» **INSTRUCTIONS FOR THE TASK**:
Omit all pictures. Print the remaining lines exactly, from the start of the data through the line containing "VW Golf GTI (BlueMotion ) DSG - 17".

BEGIN RECORDED DATA

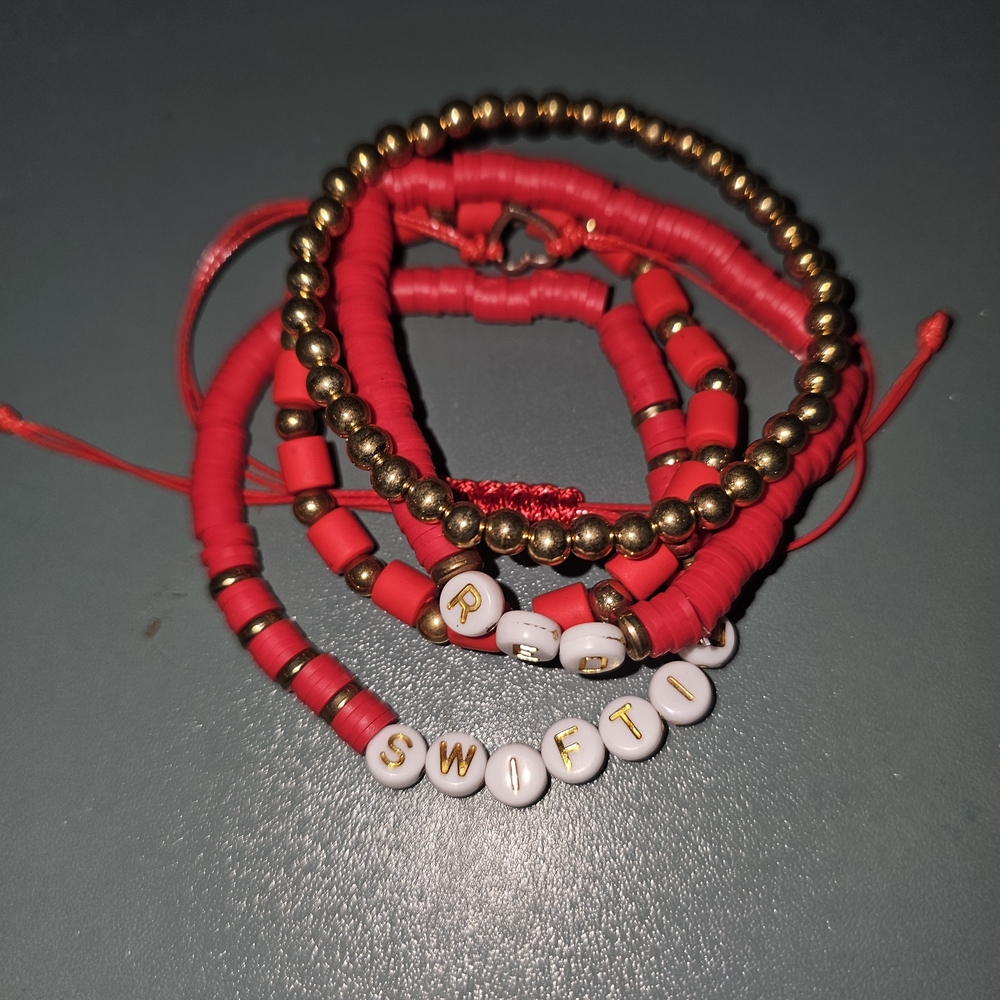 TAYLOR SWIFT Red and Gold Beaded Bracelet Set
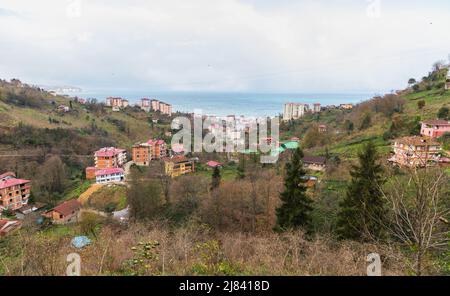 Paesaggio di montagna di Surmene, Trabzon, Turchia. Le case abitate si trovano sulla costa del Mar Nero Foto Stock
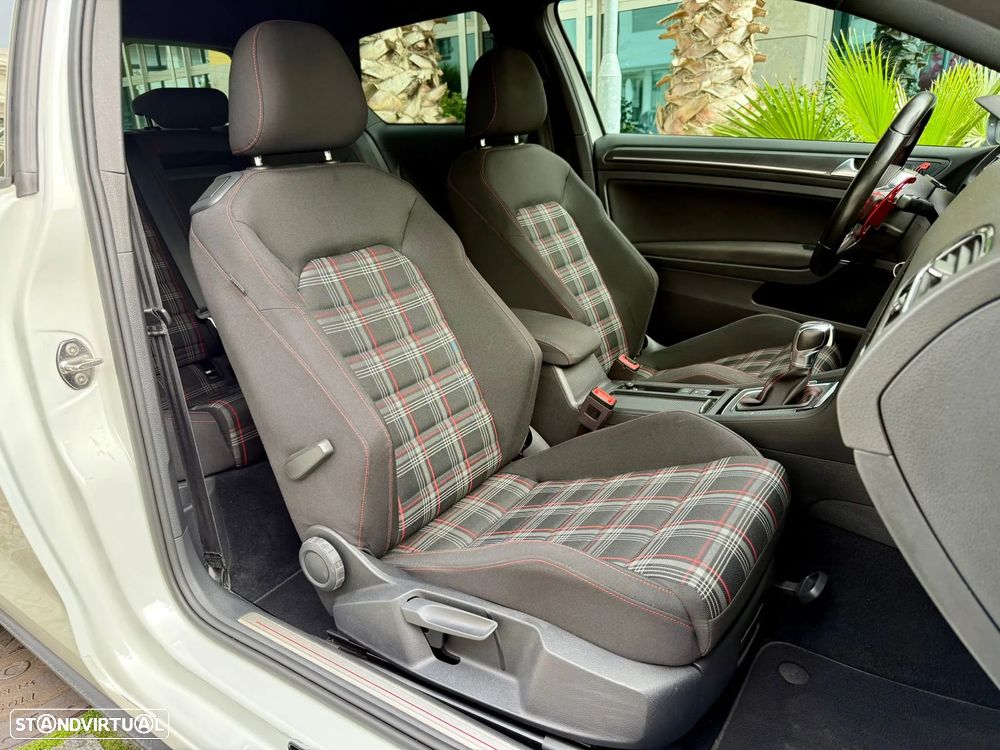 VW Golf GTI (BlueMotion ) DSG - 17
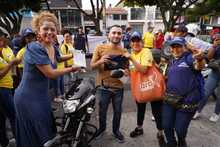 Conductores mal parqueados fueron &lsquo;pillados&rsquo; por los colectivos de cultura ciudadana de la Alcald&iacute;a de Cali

END RECORDED DATA

» **TASK ANSWER**:
 TAYLOR SWIFT Red and Gold Beaded Bracelet Set
 Paesaggio di montagna di Surmene, Trabzon, Turchia. Le case abitate si trovano sulla costa del Mar Nero Foto Stock
 VW Golf GTI (BlueMotion ) DSG - 17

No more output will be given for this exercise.